Carrying that aesthetic to our chosen profession, we find an increasing focus on simplicity in software engineering.  One of the core principles that is part of the Agile Manifesto reads “Simplicity – the art of maximizing the amount of work not done – is essential”.  The lean movement puts additional emphasis on this.  Finally, the admonition YAGNI (“You Aren’t Going to Need It”) is at its core an appeal for simplicity.
So, why do we need all of this attention on a simple principle?  Because Simplicity is HARD and doesn’t come naturally to most western minds.
  • As software engineers, we’re paid to write code and we’re good at it, so our instincts (and/or our habits) are to write more of what we’re good at.
  • Our product owners have very long lists of features and requirements that will make our products richer and more competitive.

But the cost of complexity is insidious (and I’m focused on both aspects of the word: both evil and not easily noticed):
  • More code paths (one of the measures of complexity) represent more unit tests, more test cases, and more combinations and permutations.
  • More code paths result in higher entropy: that conditional execution that is so minor and obvious today will not be so obvious and will be forgotten 2 years from now when you’re doing maintenance.  The additional code paths greatly increase the chance that the bug fix or enhancement 2 years hence will break something
  • When complexity finds its way into the user interface, it increases the power and flexibility of the application, but at the expense of usability.  At best, the users grumble a bit, at worst, they stop using the product.

So, let me offer a few recommendations:
At the user interface, find a way to collapse a large number of high-level choices into a smaller number.  For example, many text processing applications will have menu items for Search, Global Search, Find in Files, Replace, Replace Globally.  In the end, those can all be handled by one Find function, keeping the top-level set of choices much smaller and more approachable.
In Axceler’s ControlPoint, we implemented Site-level permissions reports sorted by Site, Site-level permissions reports sorted by User, Comprehensive (detailed) permissions reports sorted by Site, and Comprehensive (detailed) permissions reports sorted by User.  With the clarity of hindsight, these would have benefitted from collapsing these into a single high-level Permissions Report, with a sort option, and a level of detail option.  (Now, a reality check on this: at some point, pushing too many choices down into detailed options on a function makes that function suffer from the complexity bug, so don’t carry it too far!  However, at the more detailed level, you have more choices to manage complexity through techniques such as “Advanced” options so you only see the complexity when you need or want it).
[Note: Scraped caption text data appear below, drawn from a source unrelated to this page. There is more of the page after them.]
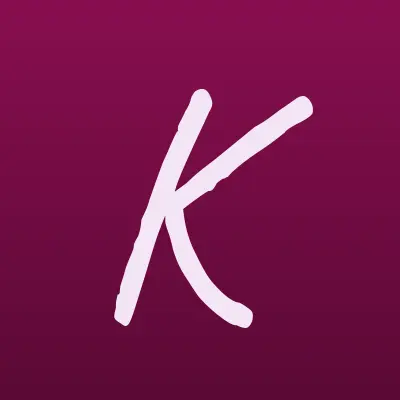КПД, лого-визитка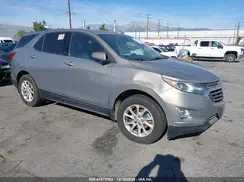3GNAXSEV2JL122337 2018 CHEVROLET EQUINOX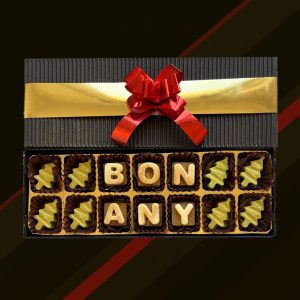 Bombones Xocolata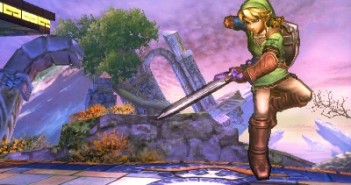 Super Smash Bros For 3DS 3DS_SmashBros_scrnC02_01_E3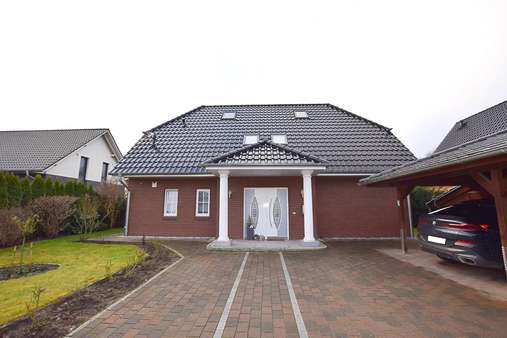 Herzlich Willkommen - Einfamilienhaus in 25451 Quickborn mit 167m² günstig kaufen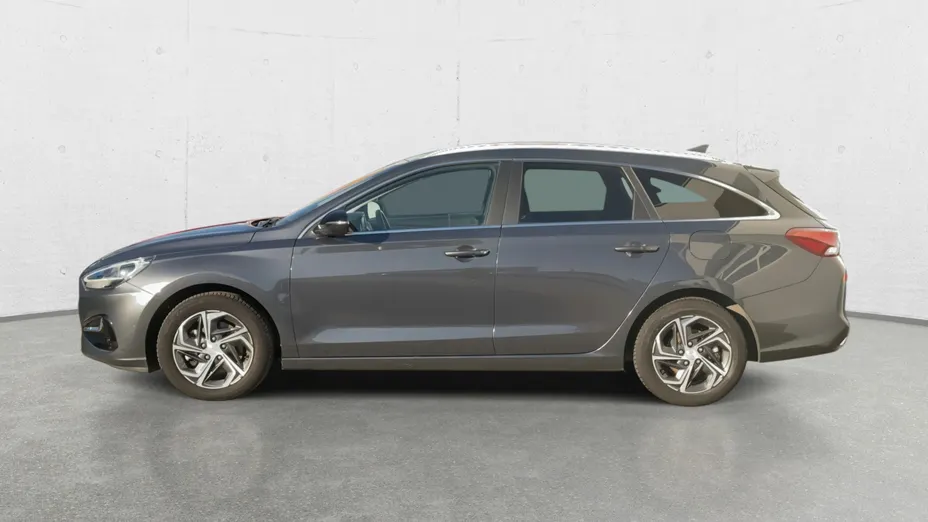 HYUNDAI i30 i30 1.0 T-GDI Smart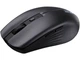 Миша 2E MF270 Silent Rechargeable WL Black (-MF270WBK) - изображение 3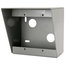 Quam SE7GVP Vandal-Resistant Hooded Dual-Gang Surface Mount Enclosure For CIS4 And CIS8 Assemblies Image 1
When considering boundary conditions, error conditions, and special cases (these have a way of surfacing in bug reports, so the discussion tends to happen in that context), it is tempting to create special validation or special handling for each unique situation.  Now, in some cases, that is appropriate, but you should resist the temptation: often the long term compounding effect of lots of little bits of complexity is greater than the incremental benefit of a uniquely tailored message or handler.  My last blog post actually provides a good example of this.  Apple chose to handle both “too hot” and “too cold” conditions in the same boundary condition handler.  I believe that this was an excellent choice that kept the logic simpler.  The only shortcoming (and a minor one at that) was that the message verbiage only acknowledged the most likely of the two possible conditions!
In closing, I’d like to quote a man who bridged the gap between art and technology (namely Leonardo daVinci) “Simplicity is the ultimate sophistication”.